Dry Rot is one of the biggest threats to the structural integrity of a building. It attacks damp timbers and can reduce the beams, joists and timbers of your home to a crumbling mess. In order to do its nasty work and thrive, the Dry Rot fungus needs wood with a moisture content of at least 20% to survive. It wreaks havoc in warm, damp and unventilated conditions, and is normally found in difficult-to-reach areas such as underneath wooden floors, beneath the stairs, in your roof trusses and behind the skirting boards.
So far, so bad. But there’s no need to panic.

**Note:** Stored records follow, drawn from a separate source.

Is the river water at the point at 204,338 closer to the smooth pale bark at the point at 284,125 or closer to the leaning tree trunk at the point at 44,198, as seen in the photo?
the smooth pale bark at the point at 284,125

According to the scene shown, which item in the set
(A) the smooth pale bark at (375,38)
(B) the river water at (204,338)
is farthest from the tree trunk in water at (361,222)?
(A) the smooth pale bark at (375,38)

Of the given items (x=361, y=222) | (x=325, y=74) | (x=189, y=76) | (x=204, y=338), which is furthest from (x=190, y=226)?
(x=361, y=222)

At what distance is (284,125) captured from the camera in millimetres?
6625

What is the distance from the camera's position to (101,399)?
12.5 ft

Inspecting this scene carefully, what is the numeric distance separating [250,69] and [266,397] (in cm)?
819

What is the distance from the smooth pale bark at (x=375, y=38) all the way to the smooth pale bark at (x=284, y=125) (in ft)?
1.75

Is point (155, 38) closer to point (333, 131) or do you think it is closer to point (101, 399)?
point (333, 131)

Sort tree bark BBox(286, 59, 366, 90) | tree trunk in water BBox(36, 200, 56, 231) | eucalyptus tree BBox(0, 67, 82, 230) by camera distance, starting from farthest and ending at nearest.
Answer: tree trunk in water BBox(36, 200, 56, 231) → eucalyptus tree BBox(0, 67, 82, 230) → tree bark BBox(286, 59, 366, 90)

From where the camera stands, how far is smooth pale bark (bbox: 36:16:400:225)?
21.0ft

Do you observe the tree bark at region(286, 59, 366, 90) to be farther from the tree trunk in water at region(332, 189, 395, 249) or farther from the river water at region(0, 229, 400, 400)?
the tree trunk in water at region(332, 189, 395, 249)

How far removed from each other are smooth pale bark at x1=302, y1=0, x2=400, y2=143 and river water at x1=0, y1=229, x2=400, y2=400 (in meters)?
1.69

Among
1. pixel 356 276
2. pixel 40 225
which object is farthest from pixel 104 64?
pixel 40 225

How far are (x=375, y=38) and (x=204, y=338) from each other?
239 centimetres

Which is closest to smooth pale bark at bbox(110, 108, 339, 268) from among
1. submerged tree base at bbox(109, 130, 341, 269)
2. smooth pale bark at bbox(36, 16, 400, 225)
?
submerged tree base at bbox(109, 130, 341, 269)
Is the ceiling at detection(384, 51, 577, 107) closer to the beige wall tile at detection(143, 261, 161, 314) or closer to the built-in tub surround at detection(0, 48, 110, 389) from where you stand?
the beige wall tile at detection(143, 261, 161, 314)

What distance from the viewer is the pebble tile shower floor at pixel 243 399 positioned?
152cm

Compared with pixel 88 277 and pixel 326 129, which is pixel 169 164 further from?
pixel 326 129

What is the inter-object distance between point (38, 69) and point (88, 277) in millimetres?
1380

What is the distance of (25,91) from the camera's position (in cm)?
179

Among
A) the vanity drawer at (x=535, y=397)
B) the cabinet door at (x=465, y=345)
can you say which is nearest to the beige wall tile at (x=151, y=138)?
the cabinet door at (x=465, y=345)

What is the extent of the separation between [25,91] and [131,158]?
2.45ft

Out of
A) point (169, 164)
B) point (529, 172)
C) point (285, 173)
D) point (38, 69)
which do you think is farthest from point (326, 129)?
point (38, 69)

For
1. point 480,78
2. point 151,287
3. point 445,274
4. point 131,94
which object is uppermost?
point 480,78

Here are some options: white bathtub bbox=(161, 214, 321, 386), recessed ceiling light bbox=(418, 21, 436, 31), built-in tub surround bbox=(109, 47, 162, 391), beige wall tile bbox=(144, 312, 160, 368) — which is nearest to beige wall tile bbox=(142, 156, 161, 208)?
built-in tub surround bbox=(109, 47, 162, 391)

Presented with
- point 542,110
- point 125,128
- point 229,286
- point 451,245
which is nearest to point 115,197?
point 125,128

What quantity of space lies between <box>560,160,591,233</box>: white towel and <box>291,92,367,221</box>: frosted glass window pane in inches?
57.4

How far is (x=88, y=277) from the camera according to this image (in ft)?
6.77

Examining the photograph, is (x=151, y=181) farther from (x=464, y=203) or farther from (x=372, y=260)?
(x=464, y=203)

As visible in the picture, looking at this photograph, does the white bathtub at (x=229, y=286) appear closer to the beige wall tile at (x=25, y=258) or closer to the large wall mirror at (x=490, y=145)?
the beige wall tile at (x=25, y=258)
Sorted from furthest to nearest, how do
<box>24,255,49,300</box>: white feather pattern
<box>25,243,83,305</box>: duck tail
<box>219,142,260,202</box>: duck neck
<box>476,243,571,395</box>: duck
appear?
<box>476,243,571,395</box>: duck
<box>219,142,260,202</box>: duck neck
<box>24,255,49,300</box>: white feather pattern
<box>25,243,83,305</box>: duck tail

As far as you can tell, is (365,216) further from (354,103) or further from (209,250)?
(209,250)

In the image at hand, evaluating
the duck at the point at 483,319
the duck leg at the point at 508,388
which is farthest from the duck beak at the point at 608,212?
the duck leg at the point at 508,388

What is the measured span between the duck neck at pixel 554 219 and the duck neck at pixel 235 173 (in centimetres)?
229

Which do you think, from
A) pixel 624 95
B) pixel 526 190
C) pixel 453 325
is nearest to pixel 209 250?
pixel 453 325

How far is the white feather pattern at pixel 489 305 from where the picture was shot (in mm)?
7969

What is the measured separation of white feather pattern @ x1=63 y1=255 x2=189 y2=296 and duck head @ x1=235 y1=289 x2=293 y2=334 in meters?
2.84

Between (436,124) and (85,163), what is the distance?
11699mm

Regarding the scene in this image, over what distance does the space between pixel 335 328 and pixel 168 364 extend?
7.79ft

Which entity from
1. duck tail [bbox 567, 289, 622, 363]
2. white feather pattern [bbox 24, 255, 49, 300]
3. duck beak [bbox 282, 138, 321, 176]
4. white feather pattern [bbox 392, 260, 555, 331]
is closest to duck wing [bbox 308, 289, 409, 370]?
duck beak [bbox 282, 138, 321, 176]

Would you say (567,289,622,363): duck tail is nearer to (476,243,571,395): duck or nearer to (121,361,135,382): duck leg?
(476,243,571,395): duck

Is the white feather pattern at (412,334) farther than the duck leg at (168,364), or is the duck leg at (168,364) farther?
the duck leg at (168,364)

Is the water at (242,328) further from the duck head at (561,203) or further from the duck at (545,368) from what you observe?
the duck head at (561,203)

Armed with some proper information provided by Dakota Murphey alongside building professionals, Hutton and Rostron on how to recognise the symptoms of Dry Rot and how to identify it, you’ll be able to deal it swiftly and effectively.

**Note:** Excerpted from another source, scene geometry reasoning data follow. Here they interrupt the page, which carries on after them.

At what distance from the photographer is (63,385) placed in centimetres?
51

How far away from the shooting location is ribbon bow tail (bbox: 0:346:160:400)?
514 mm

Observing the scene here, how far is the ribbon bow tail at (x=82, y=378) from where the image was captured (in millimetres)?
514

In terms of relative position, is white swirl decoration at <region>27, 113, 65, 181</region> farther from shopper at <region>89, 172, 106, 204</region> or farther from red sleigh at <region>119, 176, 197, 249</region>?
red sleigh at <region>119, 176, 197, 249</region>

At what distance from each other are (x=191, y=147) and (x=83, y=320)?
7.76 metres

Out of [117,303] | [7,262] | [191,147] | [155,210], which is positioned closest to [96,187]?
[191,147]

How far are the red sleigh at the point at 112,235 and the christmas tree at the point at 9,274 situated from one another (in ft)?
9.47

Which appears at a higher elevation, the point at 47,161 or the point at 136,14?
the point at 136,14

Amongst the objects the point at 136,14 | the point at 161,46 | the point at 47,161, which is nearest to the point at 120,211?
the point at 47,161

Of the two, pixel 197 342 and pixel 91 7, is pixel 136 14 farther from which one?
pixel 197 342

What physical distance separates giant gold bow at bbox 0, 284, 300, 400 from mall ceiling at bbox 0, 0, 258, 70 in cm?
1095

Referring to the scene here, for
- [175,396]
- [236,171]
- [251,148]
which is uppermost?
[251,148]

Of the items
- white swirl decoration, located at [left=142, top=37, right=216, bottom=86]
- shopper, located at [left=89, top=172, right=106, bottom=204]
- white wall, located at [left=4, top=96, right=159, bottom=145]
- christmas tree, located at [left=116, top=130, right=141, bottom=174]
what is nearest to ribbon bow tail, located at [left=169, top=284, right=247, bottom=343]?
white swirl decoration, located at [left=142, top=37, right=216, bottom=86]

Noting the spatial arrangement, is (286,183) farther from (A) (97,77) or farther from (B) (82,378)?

What is Dry Rot and how does it take hold?
Early detection and prevention is better than having to treat a Dry Rot outbreak when it’s had time to develop. Typically, timber in your home needs a moisture content of between 20% and 30% for the Dry Rot fungal spores, which usually take the form of a fine orange dust, to germinate and take hold. Once the fungus is established, your timber only needs to have a moisture content of over 20% to survive. The fungus develops strands, or hyphae, that can travel across brick and masonry until it finds more timber to infect.

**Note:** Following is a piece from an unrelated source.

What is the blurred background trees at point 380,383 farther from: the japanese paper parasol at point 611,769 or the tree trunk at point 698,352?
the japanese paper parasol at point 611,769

Damp areas to look out for include
- Rainwater seeping in through small gaps in windows and doors
- Leaking pipes, guttering, and overflows from cisterns
- Missing roof tiles, flashing or cladding
- Damaged damp-proof course
- Blocked air bricks
What are the symptoms of Dry Rot?
- a whitish growth, tinged with yellow and/or lilac patches
- a distinct, sour, mushroom type smell
- crumbly, split or shrunken wood. If you poke the timber with a screwdriver and it sinks easily into the wood, then you almost certainly have Dry Rot.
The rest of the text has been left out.